Drag! O! The desire and attempt to make words ryhme.

It’s a drag to make words rhyme sometimes.
Sometimes your soul has words conceived in pure sin aching to make it to the
heaven that is your paper and pencil, but they are not worthy because sometimes
they don’t rhyme.

Sometimes the words conceived are incompatible with life so the doctor advises you
to terminate, not realising that sometimes miracles happen.
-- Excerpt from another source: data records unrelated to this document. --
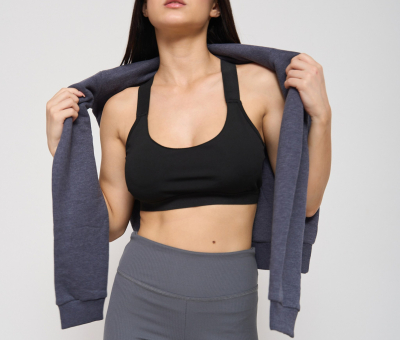 Жіночі топи: стильні варіанти для дому, спорту та відпочинку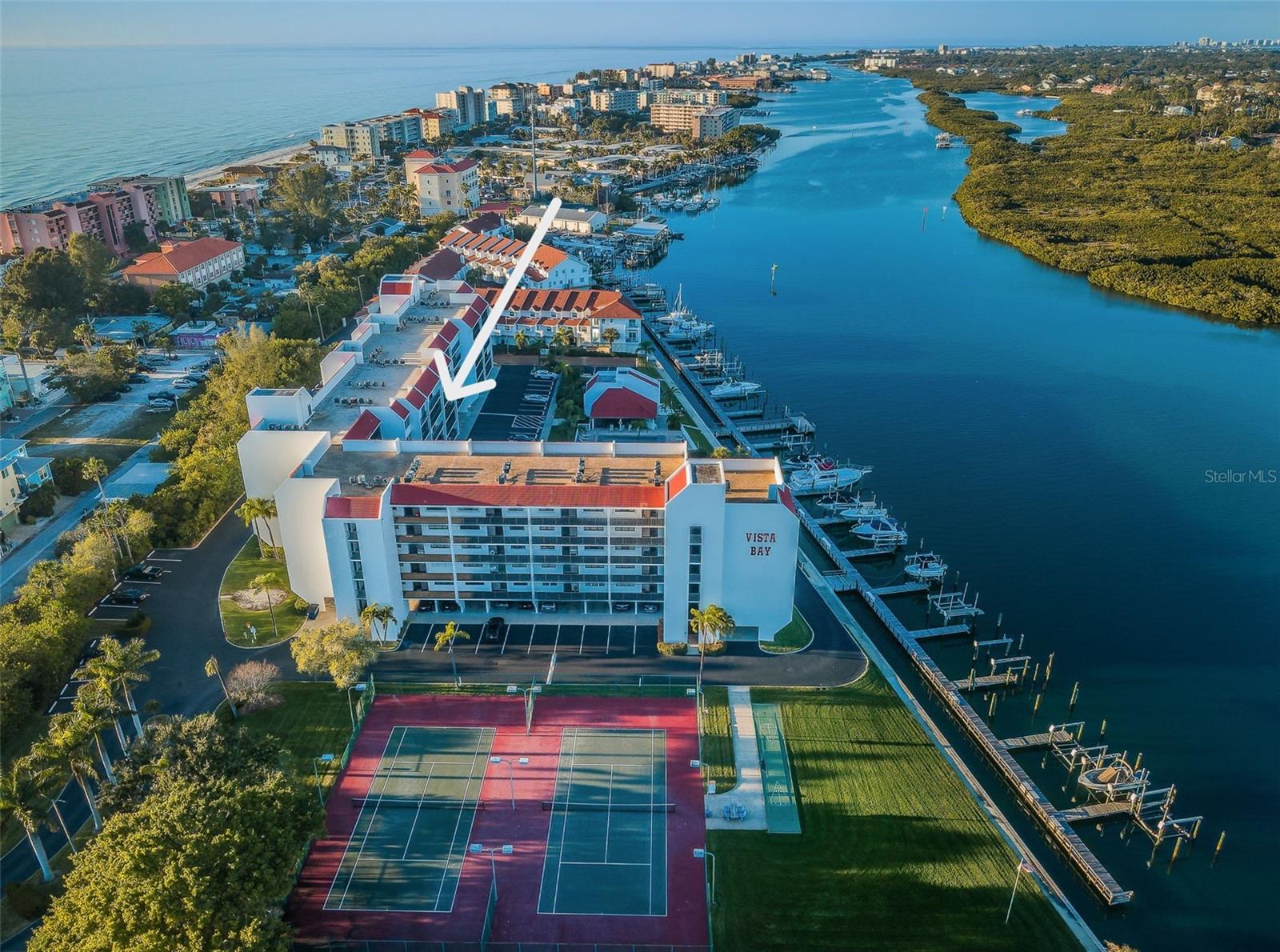 VISTA BAY CONDO I PH I - Residential
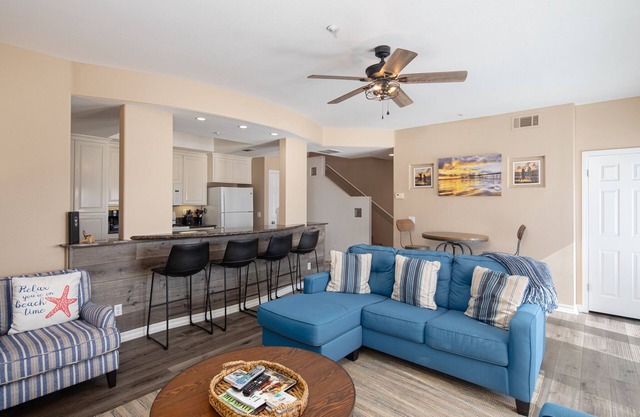Genießen Sie den Blick auf den blauen Pazifik auf einem privaten Balkon in Downtown Pismo!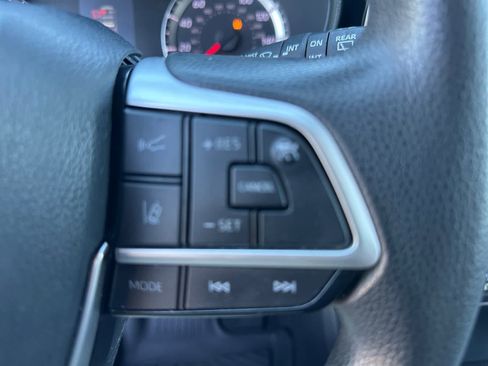 Used 2021 Toyota RAV4 XLE w/ Convenience Package FWD image 29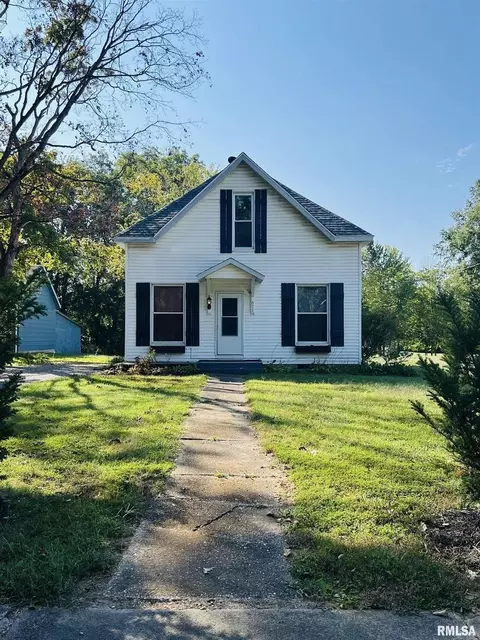 671 2nd St, Omaha, IL 62871 photo 2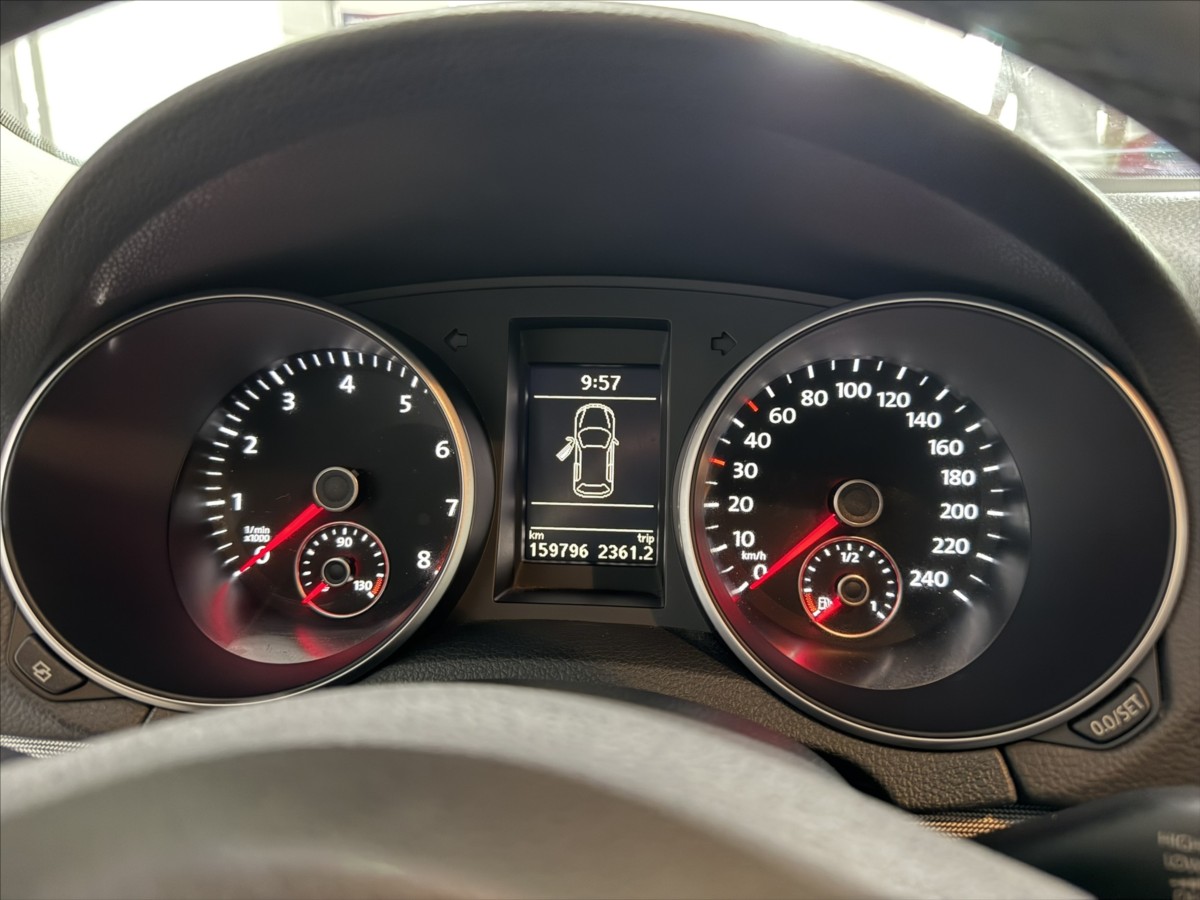 volkswagen-golf-1-4-tsi-style-bi-xen-navi - 9
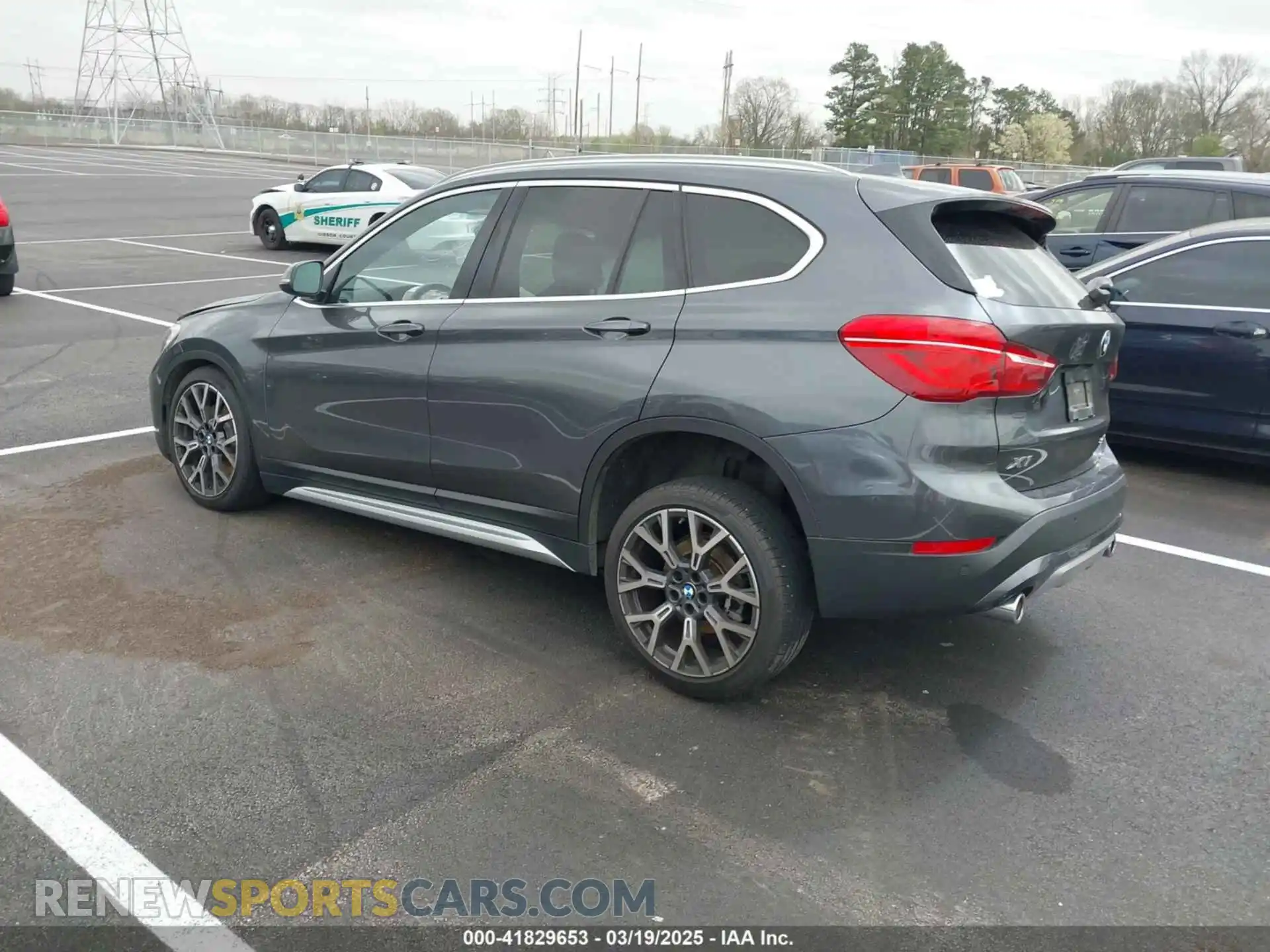 3 Photograph of a damaged car WBXJG7C07M5S08831 BMW X1 2021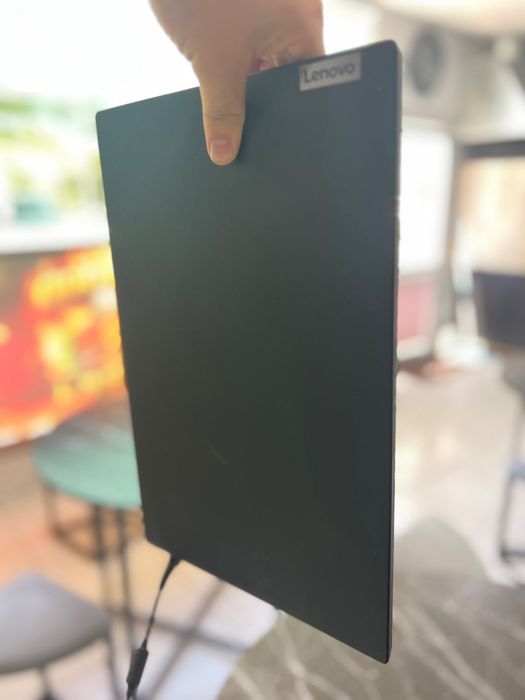 Noutbook  lenovo
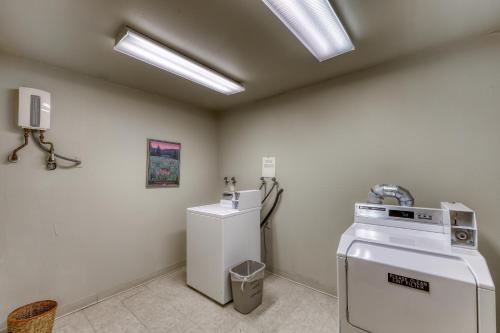 Mountainwood 303 - image 6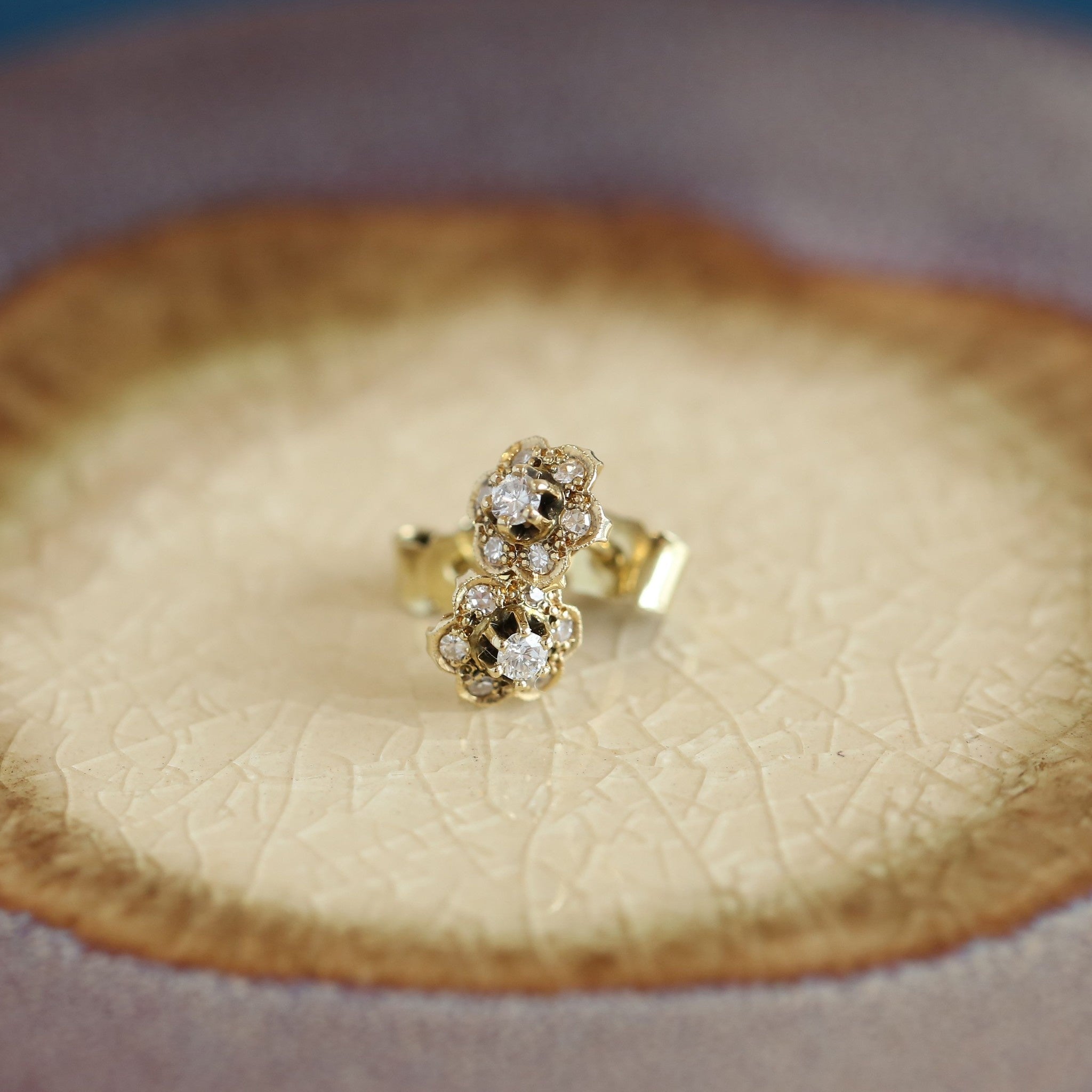 Gold entourage ear studs with diamond 14 krt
Sometimes the words you thought were pure garbage, made from the devil’s
dictionary are the same words that wake souls from the dead, halfway into the grave!
The same words that cause the dead to come alive after being dead for three days!

Drag!
Sometimes I make poetry from my sins!
The consistency of the number of times I beg for forgiveness every Sunday with utter
shame forms a stanza with similes, the sins were always similar, the metaphor
always distinct,
I don’t know why they want us to rhyme when my sins rhyme on my behalf!

Drag!
I wrote poetry while on top of a man.
I was on top of a man.
The poem didn’t rhyme.
This man had my hands on his chest and my mouth on his.
As I forced air into his lungs but failed to force life back into him.
This man was only four, declared dead at four,
It’s a drag to make words rhyme sometimes.

Drag!
I wrote poetry while I took her out.
I didn’t take her out all at once.
Her mother sat there, legs open, hoping that it would be over soon.
Her father held her mother’s hand and whispered sweet nothings while I took her out.
Her feet were tiny
Her hands were too
I didn’t get her out all at once.
I wrote poetry while I took her out from a mother that had been looking for her for ten years.
I wrote poetry while I told her mother she could try again.

Drag!
It’s a drag to make words rhyme sometimes.
So I let my life write my poetry.


Esperance Luvindao a Namibian poet and medical doctor working in the country’s northern regions. Her work has appeared in the UK Young Writer’s Anthology. Her poetry album titled ETHA is the first poetry album in Namibia. She has performed in the United States of America at the Ujima Poetry Reading and Panel Discussion as well as South Africa and Zimbabwe. Esperance mentors young poets around the country and is currently working on her second album.